▸ PROBLEM TO WORK ON
No images, please. Copy each entry below exactly as it reads.

▸ MATERIAL TO PROCESS

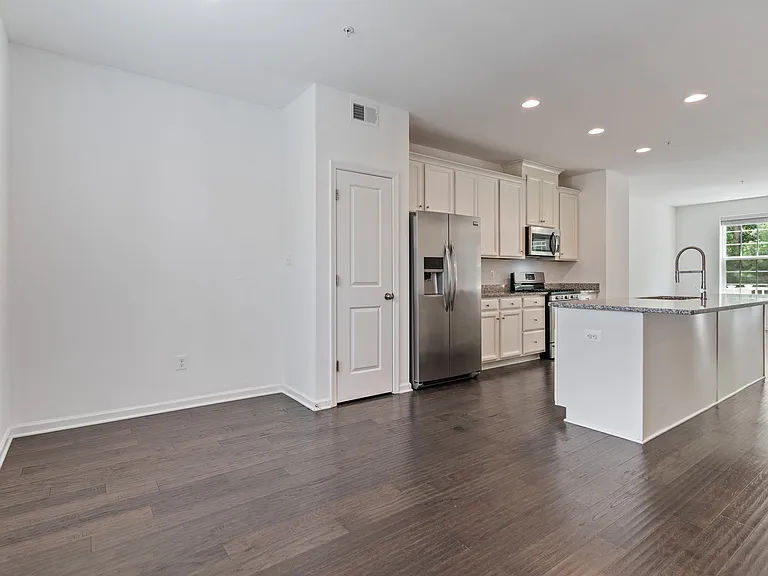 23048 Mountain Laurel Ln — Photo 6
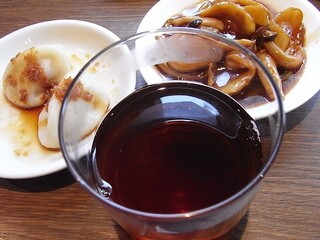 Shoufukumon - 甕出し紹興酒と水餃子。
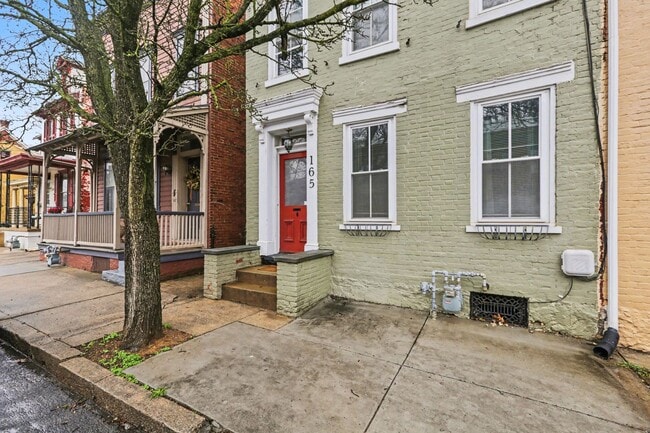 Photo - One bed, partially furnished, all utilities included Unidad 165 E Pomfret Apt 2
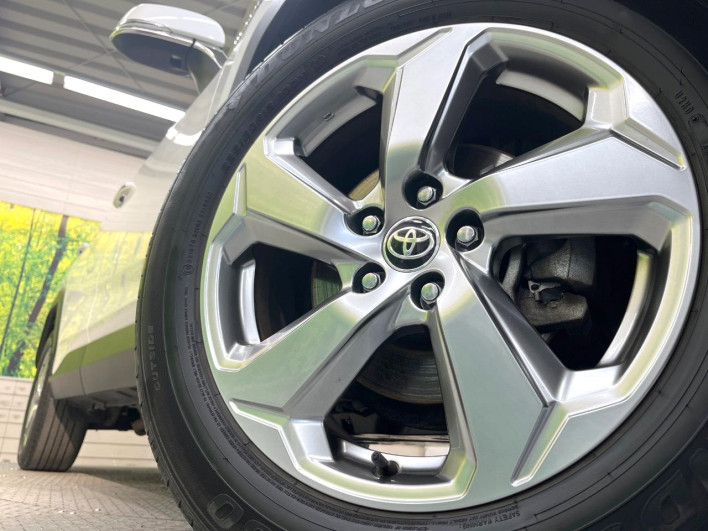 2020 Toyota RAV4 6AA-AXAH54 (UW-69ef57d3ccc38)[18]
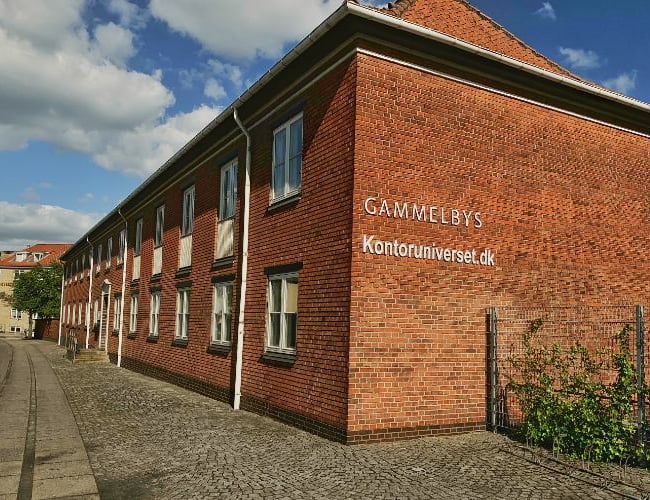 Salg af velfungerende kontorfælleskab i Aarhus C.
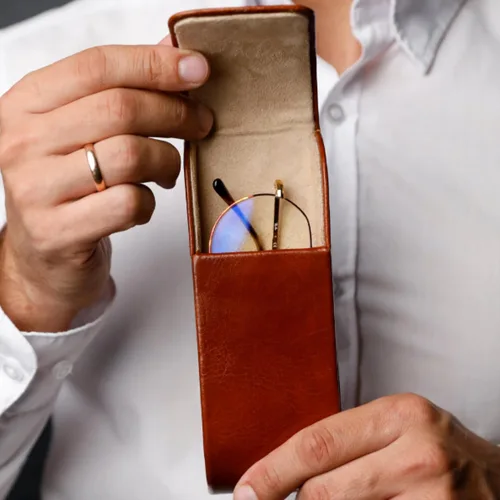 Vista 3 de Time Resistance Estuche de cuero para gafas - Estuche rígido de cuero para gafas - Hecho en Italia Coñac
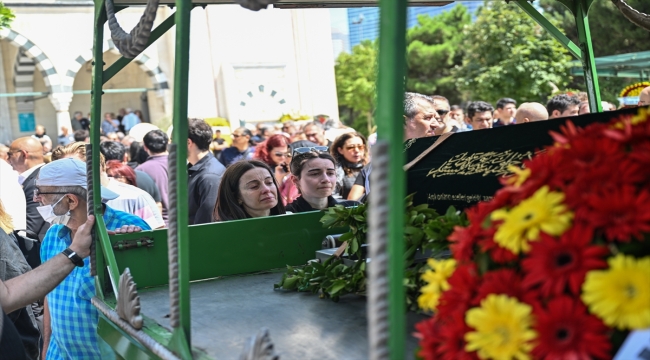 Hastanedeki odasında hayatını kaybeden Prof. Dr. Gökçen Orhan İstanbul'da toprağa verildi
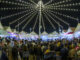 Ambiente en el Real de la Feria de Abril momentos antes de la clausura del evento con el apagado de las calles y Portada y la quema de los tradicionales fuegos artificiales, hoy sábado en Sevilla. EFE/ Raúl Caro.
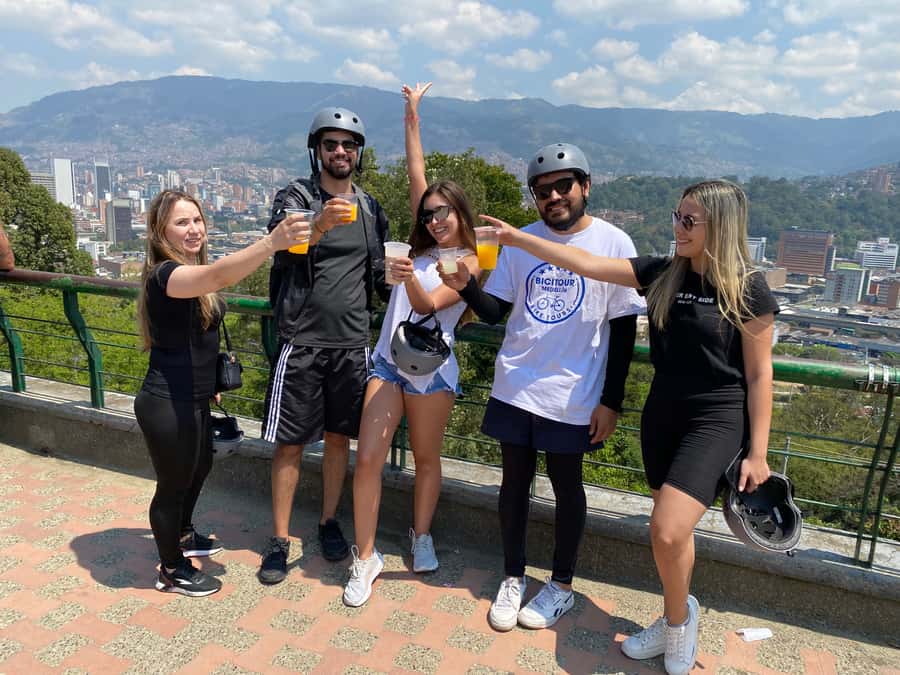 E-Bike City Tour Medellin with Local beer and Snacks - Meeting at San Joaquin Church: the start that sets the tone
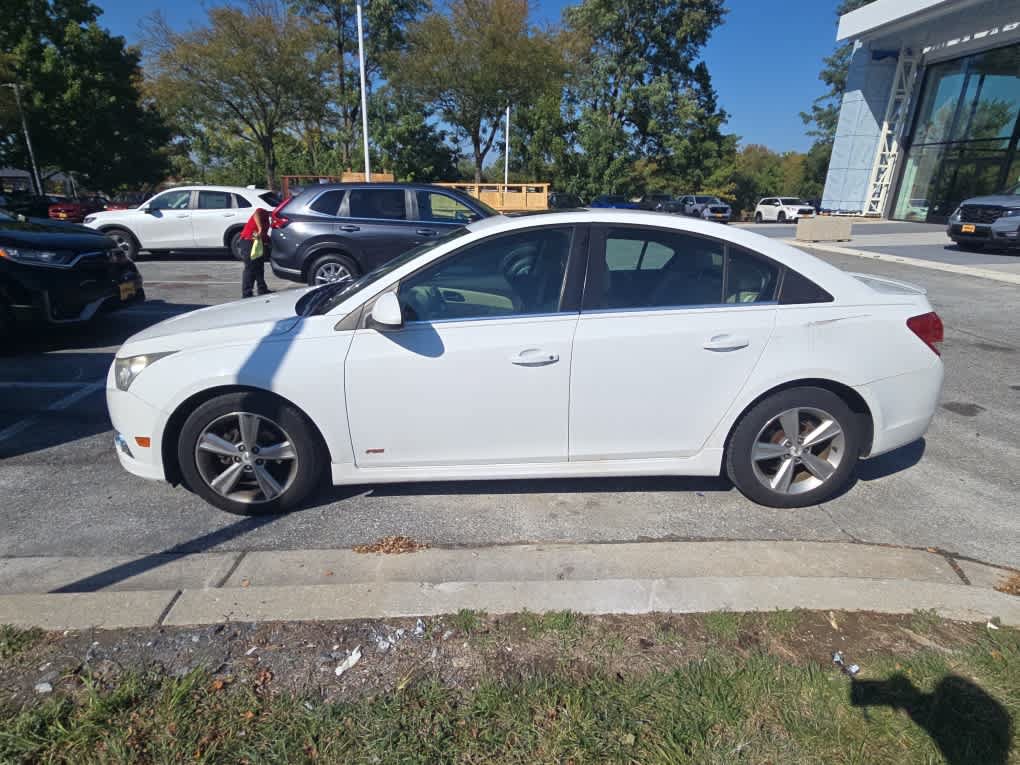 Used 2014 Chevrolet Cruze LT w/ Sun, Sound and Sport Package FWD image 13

▸ ANSWER TO THIS EXERCISE
 23048 Mountain Laurel Ln — Photo 6
 Shoufukumon - 甕出し紹興酒と水餃子。
 Photo - One bed, partially furnished, all utilities included Unidad 165 E Pomfret Apt 2
 2020 Toyota RAV4 6AA-AXAH54 (UW-69ef57d3ccc38)[18]
 Salg af velfungerende kontorfælleskab i Aarhus C.
 Vista 3 de Time Resistance Estuche de cuero para gafas - Estuche rígido de cuero para gafas - Hecho en Italia Coñac
 Hastanedeki odasında hayatını kaybeden Prof. Dr. Gökçen Orhan İstanbul'da toprağa verildi
 Ambiente en el Real de la Feria de Abril momentos antes de la clausura del evento con el apagado de las calles y Portada y la quema de los tradicionales fuegos artificiales, hoy sábado en Sevilla. EFE/ Raúl Caro.
 E-Bike City Tour Medellin with Local beer and Snacks - Meeting at San Joaquin Church: the start that sets the tone
 Used 2014 Chevrolet Cruze LT w/ Sun, Sound and Sport Package FWD image 13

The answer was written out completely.